Proof Stress

Last Updated: March 22, 2018

Definition - What does Proof Stress mean?

A proof stress is a level of stress at which a material undergoes plastic deformation. More specifically, the proof stress is often defined as the point when the material undergoes an amount of plastic deformation equal to 0.2 percent.

Proof stress is an important material characteristic to be aware of during the material selection process. It is necessary to make sure that the proof stress of the material is not exceeded by the stresses in the application if the material must not be allowed to deform. If the proof stress is exceeded then plastic deformation will occur and could ultimately result in fracture of the material.

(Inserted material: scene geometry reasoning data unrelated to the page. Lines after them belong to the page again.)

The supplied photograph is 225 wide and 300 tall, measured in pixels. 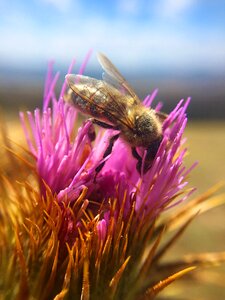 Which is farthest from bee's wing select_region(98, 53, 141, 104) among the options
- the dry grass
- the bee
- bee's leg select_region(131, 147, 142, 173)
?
the dry grass

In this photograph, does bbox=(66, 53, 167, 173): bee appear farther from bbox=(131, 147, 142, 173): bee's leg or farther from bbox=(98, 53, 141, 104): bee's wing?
bbox=(98, 53, 141, 104): bee's wing

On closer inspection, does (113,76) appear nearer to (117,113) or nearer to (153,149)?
(117,113)

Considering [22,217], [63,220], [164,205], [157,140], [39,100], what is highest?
[157,140]

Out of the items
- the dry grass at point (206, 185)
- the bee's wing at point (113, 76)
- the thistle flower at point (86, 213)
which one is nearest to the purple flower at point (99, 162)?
the thistle flower at point (86, 213)

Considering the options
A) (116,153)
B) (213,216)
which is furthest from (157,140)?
(213,216)

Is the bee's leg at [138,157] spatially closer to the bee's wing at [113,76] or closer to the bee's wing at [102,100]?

Proof stress is also known as the offset yield stress.

Corrosionpedia explains Proof Stress

Proof stress is also called offset yield stress because it is the stress required to make the material "yield."

Proof stress should not be confused with ultimate stress. The proof stress is the stress at which the material deforms, whereas the ultimate stress is the maximum stress that a material can withstand prior to failure. Nor should the proof stress be misinterpreted as elastic deformation, which occurs when stresses are large enough to stretch atomic bonds but small enough that when it is removed the material returns to its original shape and size. The proof stress of a material is large enough to not only stretch atomic bonds, but also to break those bonds and cause the atoms to move across dislocations; this causes permanent deformation.

The proof stress is the yield stress calculated at a given offset. Typically this offset is defined as the stress that a material has undergone when it has deformed by 0.1% or 0.2%. The offset is used because some materials have an exact yield stress that is difficult to discern. The offset yield stress, or proof stress, is more readily measured than the yield stress for these types of materials.